CNBC logo CNBC 1/31/2018 Fred Imbert and Alexandra Gibbs

Stocks gave back earlier gains Wednesday after the Federal Reserve's upgraded assessment of the economy sent interest rates shooting higher.

The Fed left its key lending rate unchanged but said it expects inflation to move "up this year and to stabilize" around its 2 percent target.

The S&P 500 ended little changed and the Nasdaq finished 0.12 percent higher after the central bank's statement was released. The Dow closed 72 points higher after giving up an earlier gain of more than 250 points. However, the 30-stock index capped its best month since March 2016.
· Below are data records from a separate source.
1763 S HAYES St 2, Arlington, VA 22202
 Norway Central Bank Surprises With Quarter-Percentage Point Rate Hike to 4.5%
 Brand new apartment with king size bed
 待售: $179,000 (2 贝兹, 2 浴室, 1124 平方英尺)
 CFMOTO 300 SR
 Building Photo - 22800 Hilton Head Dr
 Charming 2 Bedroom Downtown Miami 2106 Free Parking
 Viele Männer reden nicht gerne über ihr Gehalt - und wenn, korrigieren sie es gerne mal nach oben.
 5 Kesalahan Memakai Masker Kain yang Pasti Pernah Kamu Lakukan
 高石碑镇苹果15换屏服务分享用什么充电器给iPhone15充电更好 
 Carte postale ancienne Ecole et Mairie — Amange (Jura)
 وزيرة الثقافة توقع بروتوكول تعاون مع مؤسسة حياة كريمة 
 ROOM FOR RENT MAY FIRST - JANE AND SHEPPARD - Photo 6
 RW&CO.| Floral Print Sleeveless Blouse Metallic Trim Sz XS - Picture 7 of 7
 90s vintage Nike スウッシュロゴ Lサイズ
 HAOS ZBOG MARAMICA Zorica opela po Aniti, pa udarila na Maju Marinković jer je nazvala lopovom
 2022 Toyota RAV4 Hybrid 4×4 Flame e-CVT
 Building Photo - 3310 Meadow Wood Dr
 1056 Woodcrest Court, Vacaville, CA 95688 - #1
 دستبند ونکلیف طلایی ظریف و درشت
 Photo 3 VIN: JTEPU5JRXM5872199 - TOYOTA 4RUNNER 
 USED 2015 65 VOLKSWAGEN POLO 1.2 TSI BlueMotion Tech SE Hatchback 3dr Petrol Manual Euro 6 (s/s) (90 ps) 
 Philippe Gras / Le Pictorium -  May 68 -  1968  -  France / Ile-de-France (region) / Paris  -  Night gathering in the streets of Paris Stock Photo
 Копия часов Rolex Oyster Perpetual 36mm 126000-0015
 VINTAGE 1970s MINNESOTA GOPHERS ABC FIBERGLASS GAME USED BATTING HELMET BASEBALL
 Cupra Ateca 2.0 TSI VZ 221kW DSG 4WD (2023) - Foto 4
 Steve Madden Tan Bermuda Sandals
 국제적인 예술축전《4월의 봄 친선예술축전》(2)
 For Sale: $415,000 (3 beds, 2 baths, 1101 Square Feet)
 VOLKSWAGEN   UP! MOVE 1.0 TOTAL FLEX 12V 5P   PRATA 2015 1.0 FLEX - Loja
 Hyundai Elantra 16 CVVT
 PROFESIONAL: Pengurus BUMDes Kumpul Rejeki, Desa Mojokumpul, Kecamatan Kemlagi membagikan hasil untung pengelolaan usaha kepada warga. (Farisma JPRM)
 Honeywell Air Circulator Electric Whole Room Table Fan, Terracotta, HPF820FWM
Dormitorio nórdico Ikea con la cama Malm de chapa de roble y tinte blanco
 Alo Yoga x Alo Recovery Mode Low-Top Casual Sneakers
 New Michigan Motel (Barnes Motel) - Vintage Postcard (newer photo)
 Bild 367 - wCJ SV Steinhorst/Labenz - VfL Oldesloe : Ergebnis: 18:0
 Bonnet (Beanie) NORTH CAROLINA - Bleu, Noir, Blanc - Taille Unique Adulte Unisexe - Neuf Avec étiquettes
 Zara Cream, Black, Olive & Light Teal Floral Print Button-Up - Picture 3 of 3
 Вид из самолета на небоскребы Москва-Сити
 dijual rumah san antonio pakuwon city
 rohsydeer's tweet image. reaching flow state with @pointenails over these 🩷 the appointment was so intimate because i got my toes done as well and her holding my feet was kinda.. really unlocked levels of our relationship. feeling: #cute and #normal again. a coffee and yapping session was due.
U.S. Treasury yields rose on the back of the statement. The benchmark 10-year yield rose to 2.75 percent, while the two-year yield traded at 2.15 percent.

Earlier, the Dow, S&P 500 and Nasdaq were trading sharply higher, rebounding from a sharp two-day sell-off. Stronger-than-expected earnings helped lift stocks. The major indexes fell sharply in the previous two sessions, with the Dow falling more than 500 points in that time period.

Rising yields have also put stocks under pressure, elevating concerns over whether higher interest rates could snuff out the bull market.

"There was quite a bit of damage done on a short-term basis with equity indices and many sectors snapping one-month trendlines on heavy negative breadth and higher volume," Mark Newton, a managing member at Newton Advisors, said in a note to clients. "It's tough to think markets simply recover right away and this proved to be two days only."

Boeing, Eli Lilly and, Anthem among the latest companies that reported quarterly results. Their earnings and revenues topped analyst expectations. Thus far, corporate earnings have mostly surpassed analyst expectations.

Of the S&P 500 companies that had reported as of Tuesday morning, 80 percent have posted better-than-expected earnings, while 81 percent have beaten top-line estimates, according to Thomson Reuters I/B/E/S.

"Despite the potential negative impact of write-offs related to the [tax bill], Q4-2017 should mark the sixth straight quarter of positive year-over-year earnings growth and the seventh quarter of positive revenue growth," said Ed Yardeni, the president and chief investment strategist at Yardeni Research.

In economic news, ADP and Moody's Analytics Wednesday said private companies added 234,000 jobs in January. Economists polled by Reuters expected a gain of 185,000. The report serves as a preview to the U.S. government's monthly jobs report, which is scheduled for release Friday at 8:30 a.m. ET.

Other data released Wednesday included the Chicago purchasing manager's index (PMI), which fell slightly in January, and pending home sales, which rose 0.5 percent in December.

On the political front, traders assessed President Donald Trump's State of the Union address. The overall theme was "a safe, strong and proud America," with Trump touching upon topics such as immigration, bipartisan cooperation, infrastructure and the economy.

"The biggest reaction was towards the end, when it became clear there weren't going to be any surprises," said Chuck Self, a chief investment officer of iSectors.

He noted stock futures started to climb around that time Tuesday night.